A 100% charged battery is 12.7 V open circuit voltage: I = (13.8-12.7)/0.05 = 22 A, at least initially, but will be reduced fast, because it is 100% saturated. A battery is also a capacitor. But, if the UQQ is equally fast as the capacitance effect in the battery, which it obviously has to be, it will enter into hiccup mode nonetheless. 22 A is still far into hiccup land.

A problem number two is the voltage drop of 2% that determines if the converter shall enter into hiccup mode. A 2% drop from 13.8 V is about 13.5 V. A fully charged battery is only 12.7 V. The second it is connected it will cause a dip in voltage below 13.5 V, and this can cause hiccup mode all by itself. It then shuts down while the battery is connected, tries to fire up, but the battery is then already fallen back to 12.7 V, if it even momentarily should have increased a bit. 

When it goes into hiccup mode with the battery connected. It heats up enormously. Way too hot to touch. I measured the voltage over the battery, and it went slowly but surely down. The last time I tried, it went all the way down to 7 V. Then I switched it off. This can only mean there is some short circuit inside the UQQ. The open circuit voltage was about 12-12.5 (don't remember exactly, could also be fully charged). Using the battery equations, this means a current of approximately 100 A was continuously drawn from the battery. Of course this causes heating, LOTS of heating. Glad I tested it on the table before mounting it in an airplane. That's what toasted the PCB, and eventually toasted the UQQ. I have fixed the PCB now, and I have measured the output of the UQQ. It's stuck in short circuit - fried to death :-)

The UQQ (MGL Aviogard) is simply not a battery charger, end of story.

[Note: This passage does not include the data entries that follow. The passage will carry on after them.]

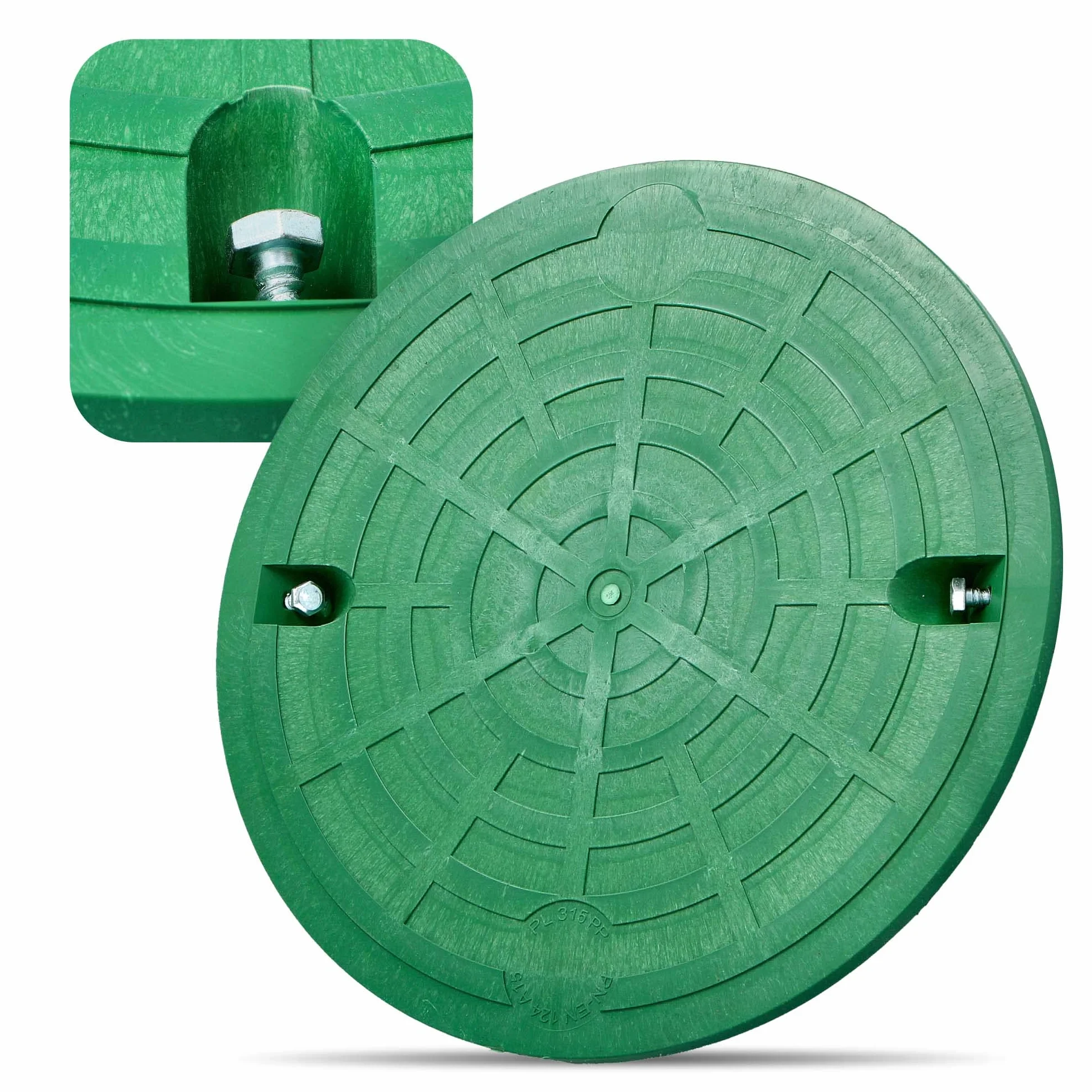 Millto Tapa de tubería DN315 polipropileno A15 verde carga 1,5 t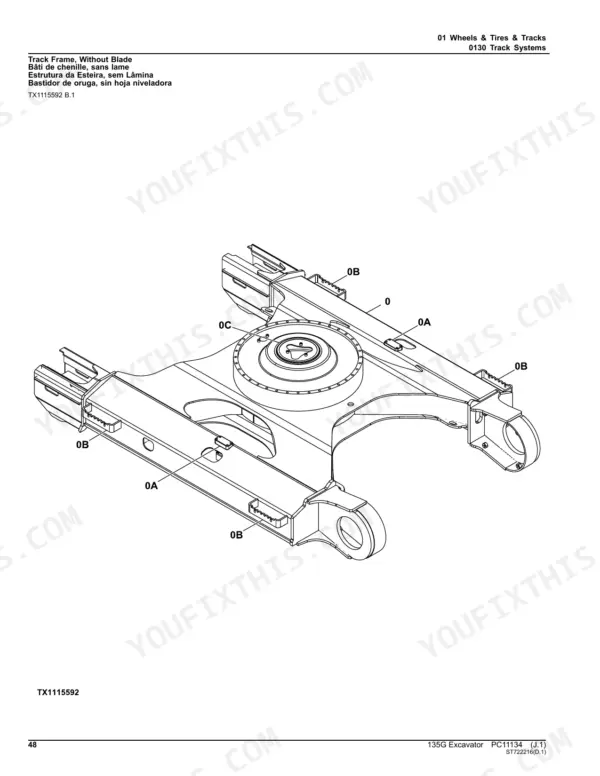 John Deere 135G exploded view diagram of the track frame without blade, showing swing bearing and mounting points.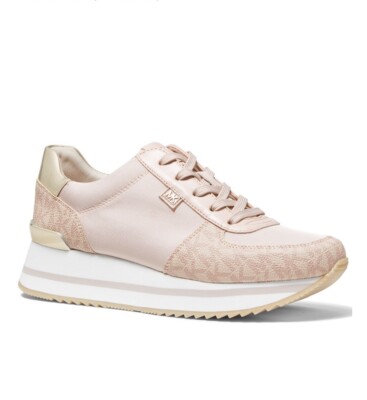 【Michael Kors】Monique Logo Trainers Michael Kors Monique Trainer Ballet Pink Logo Sneaker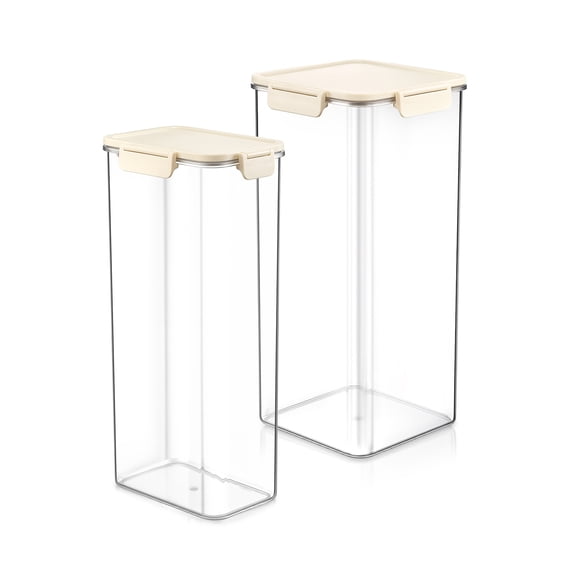 Sorbus 2-Pack Clear Narrow and Extra Tall Square Airtight Food Storage Containers – Pantry Organizers
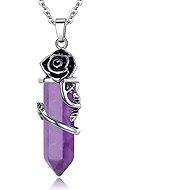 Silver Star Northwind Ladies Chain, Rose, Amethyst, 45 cm - Chain Necklace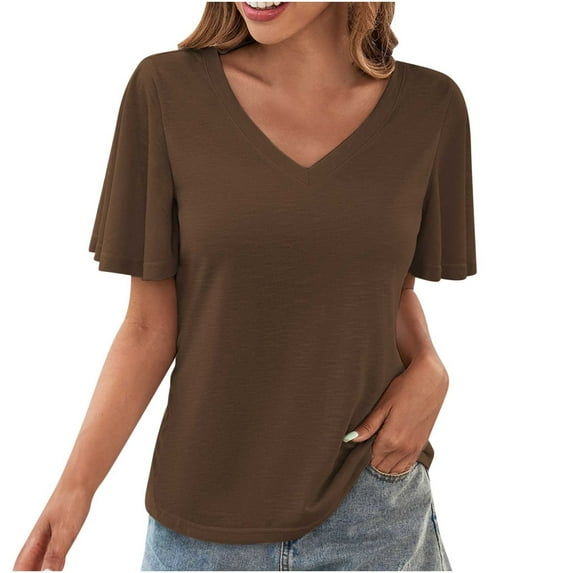 TKLPEHG Tops for Women Trendy Casual Short Sleeve T Shirts Summer Solid Color Loose V Neck Tshirt Lightweight Going Out Tops Blouse(Coffee,XL)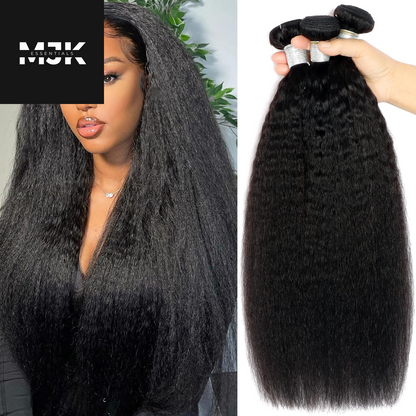 Kinky Straight Bundles Human Hair 18 20 22Inch Yaki Straight Bundles Human Hair 3Bundles Kinky Straight Human Hair Bundles 12A 100% Unprocessed Brazilian Virgin Remy Human Hair Extension Natural Color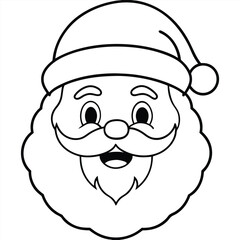 cartoon santa claus face illustration of a crazy vector character with a smile coloring pages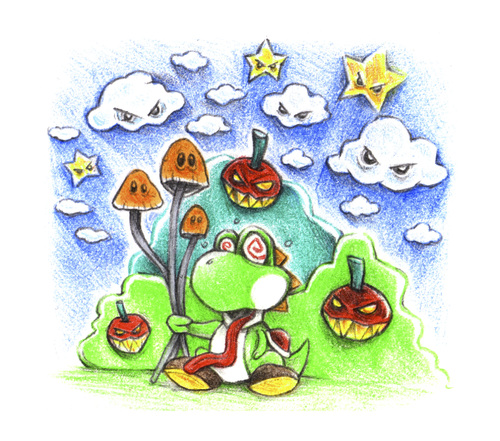 Cartoon: Yoshi mushroom (medium) by Trippy Toons tagged super,mario,yoshi,trippy,marihu,weed,cannabis,stoner,kiffer,ganja,video,game,magic,mushroom,mushrooms,pilz,pilze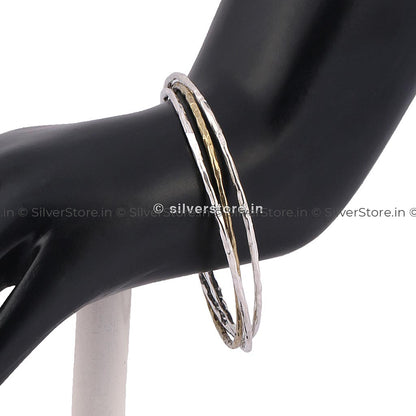 Silver Womens Trendy Bangles - Jumbled Design Bracelets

It does not work. Not in theory, not in practice. MGL have stopped responding to mails when I told them what happened to my unit. It is not all together impossible that I got a broken device from the start, but highly unlikely. Without the backup battery it worked exactly as it should.


The Mascot 8660

This is a very different beast. It's purpose made for vehicles, and is used all over the word in ships, trains, dumpers and whatnot. The 8660 is just one model of a ton of other models with different voltages and capacities, different specific functions. The 8660 comes in two versions, 12-12 and 24-12.


What's special with this one, is that is does not supply constant voltage. Instead the voltage drops linearly when the current increases.


For instance, if the input voltage is roughly 13.8 V, the output voltage at zero load is around 14.5 V. Then at max load (10 A) the voltage has dropped to 11 V. Now let's hook up a fully charged battery with E = 12.7 V at the output lines. It will immediately supply about 5.5 A at 12 V, but since the battery is saturated, the current will drop to just above zero, while the voltage increases to 14.5-ish. What about the 50% charged battery of 12.0 V? It will immediately drop to 7.5 A, and end up at approximately 6.5 A, 12.3 V. There it will charge the battery, and the current goes down while the voltage increases.

In essence: It will work. Probably not the best treating of the backup battery, but it will cause no harm as far as I can see. It is 1/4 of the price of an Aviogard.

I received an answer from Mascot. Using a DC-DC converter to charge a battery is no good idea according to them. There is always the possibility of the battery being completely flat or close to it (ruined essentially). This will overload the DC-DC converter. He said it would be better to use the Mascot 2544 charger as DC-DC converter, than to use a DC-DC converter as a charger. I got a small battery however, only 6 Ah, and with the Mascot 8660 things do indeed work, tested on my table.


Traco Power TEP 150 WI

Yet another very different beast. Looks to be a blend of the Mascot 8660 and the UQQ.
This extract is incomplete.